No, Tommy just has low self-confidence. We constantly have to be like, “You’re a great singer. You’re awesome. Don’t worry.” I think it was just the fact that he was trying something new and he was trying to find the singing voice that he really liked for him as well as having to voice all this different characters in the songs. His voicing [on this new album] the main character, cannibals, crazy doctors, nurses, etc. His doing all sorts of different stuff while also trying to find his voice… We just gave him tons of encouragement and in the demoing process and then in the studio. I just think it helps a lot when he gets in the studio and he’s working with Jamie [King, producer], and Jamie is like, “That’s awesome. Maybe we could try this.” And I think when Tommy gets to hear the final thing back he’s like, “Ok, that worked out.” It’s a good sign to work with people that are not like super cocky, but it’s easier for us to just being to what we are writing musically. I understand why it’s hard for him, as a singer.
The spotlight is constantly on him.
Yeah, and that’s how just it has been. I remember in the old days he wouldn’t even let anyone else be in the studio with him. It would be just him and Jamie with him doing vocals. Now it’s a little different. Now he’s more open and confident.
Does writing an album like Coma Ecliptic helps you understand and process your past creative output? I mean, this new album is a new chapter, but it’s not like you’ve made a 180º turn.
Yeah, it’s not like we made an electronic or bluegrass album. But oh man, it’s weird to listen to that, it feels like another life. It really does. We’ve been working on some stuff to plan this tour that kind of celebrates the 10th year anniversary of the Alaska record… Oh man, listening to that stuff… You know, me and Blake [Richardson, drums] were 20, Dustie [Waring, bass] was 19, Tommy and Paul [Waggoner, guitar] were in their mid-20s, and now we’re all in our 30s. Some of the guys are married, Tommy has a kid, I do a lot of work with other bands that I’m in, etc. We’ve just grown so much as people, as individuals, and as a band. It is fun to listen back to that stuff [laughs] but it feels like another life, it’s crazy. It was really cool to be writing this album during all that and then be in the studio and remember being in Jamie’s shitty basement when we were demoing Alaska and stuff… It’s cool to see how far Jamie has come too. I mean, we’ve all kind of done it together.
Are there any plans to record a live album of Coma Ecliptic?
Yeah, definitely. We are going to be playing the album probably a year from now. But I think in the fall of next year  it’s when we are going try to do the actual Coma Ecliptic tour, play the record in full.
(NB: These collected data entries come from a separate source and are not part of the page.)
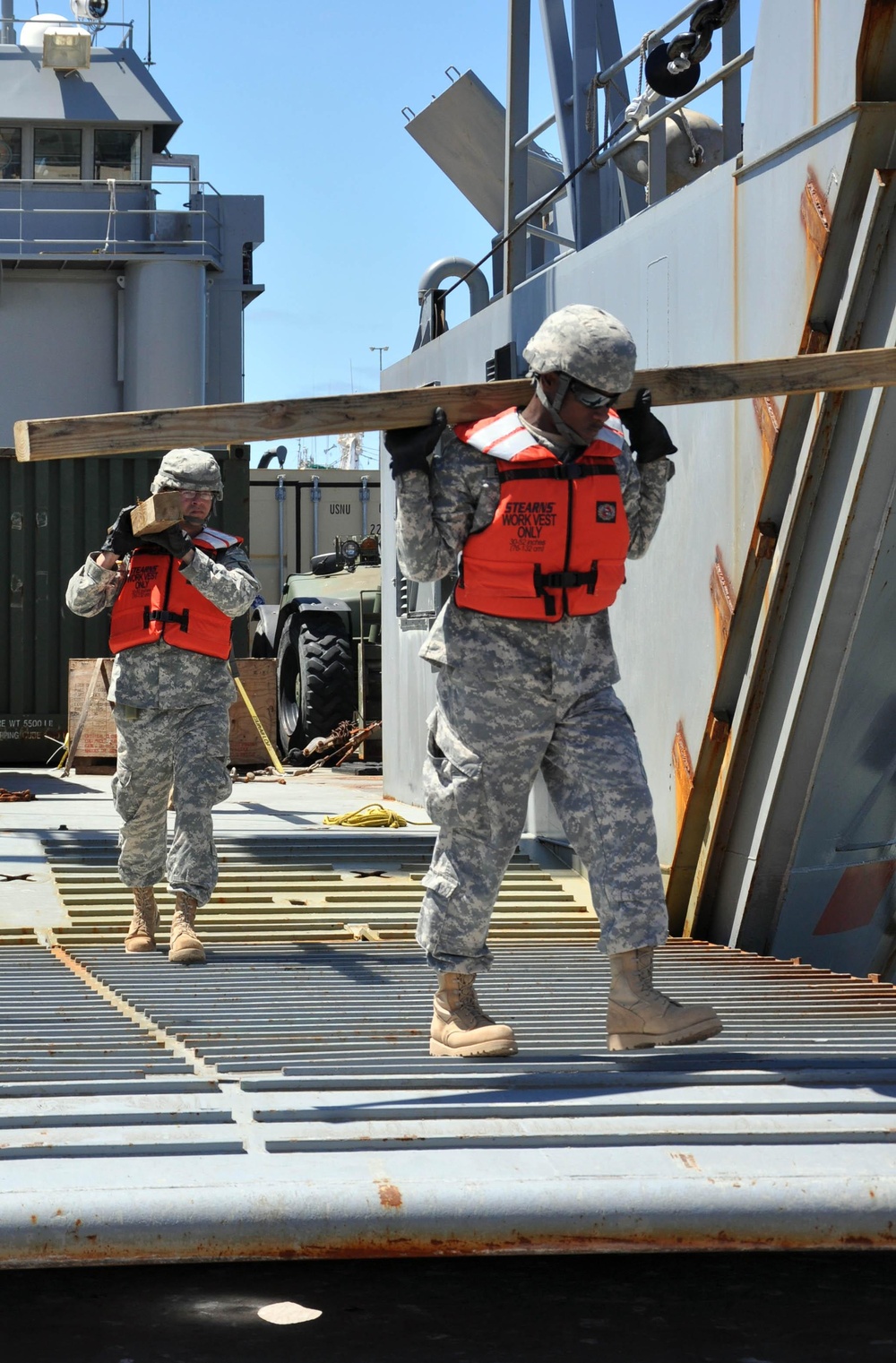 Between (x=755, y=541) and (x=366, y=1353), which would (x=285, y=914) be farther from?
(x=366, y=1353)

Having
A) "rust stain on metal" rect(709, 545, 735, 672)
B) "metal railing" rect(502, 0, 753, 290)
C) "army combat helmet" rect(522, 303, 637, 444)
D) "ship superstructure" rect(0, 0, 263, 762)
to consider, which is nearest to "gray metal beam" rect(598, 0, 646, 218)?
"metal railing" rect(502, 0, 753, 290)

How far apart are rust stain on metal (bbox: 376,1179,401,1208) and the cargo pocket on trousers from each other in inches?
42.9

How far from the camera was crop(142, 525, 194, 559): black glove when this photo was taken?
5652 mm

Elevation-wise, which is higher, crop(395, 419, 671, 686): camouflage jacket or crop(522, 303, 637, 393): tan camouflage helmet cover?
crop(522, 303, 637, 393): tan camouflage helmet cover

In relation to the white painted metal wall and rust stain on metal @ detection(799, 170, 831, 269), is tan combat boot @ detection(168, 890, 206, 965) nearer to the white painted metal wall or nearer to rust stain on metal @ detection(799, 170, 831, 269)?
the white painted metal wall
That’s going to be a lot of fun. I think some time after that, after we’ve played a good chunk of times we’ll be able to figure out a way that we can present and film it for DVD and Bluray, and all that jazz. We like doing that and I feel that our fans like it. It’s always a fun way to kind of close the cycle and the chapter on that album. So, we’re a long way to finish… I mean, we’re just getting going really pushing this album.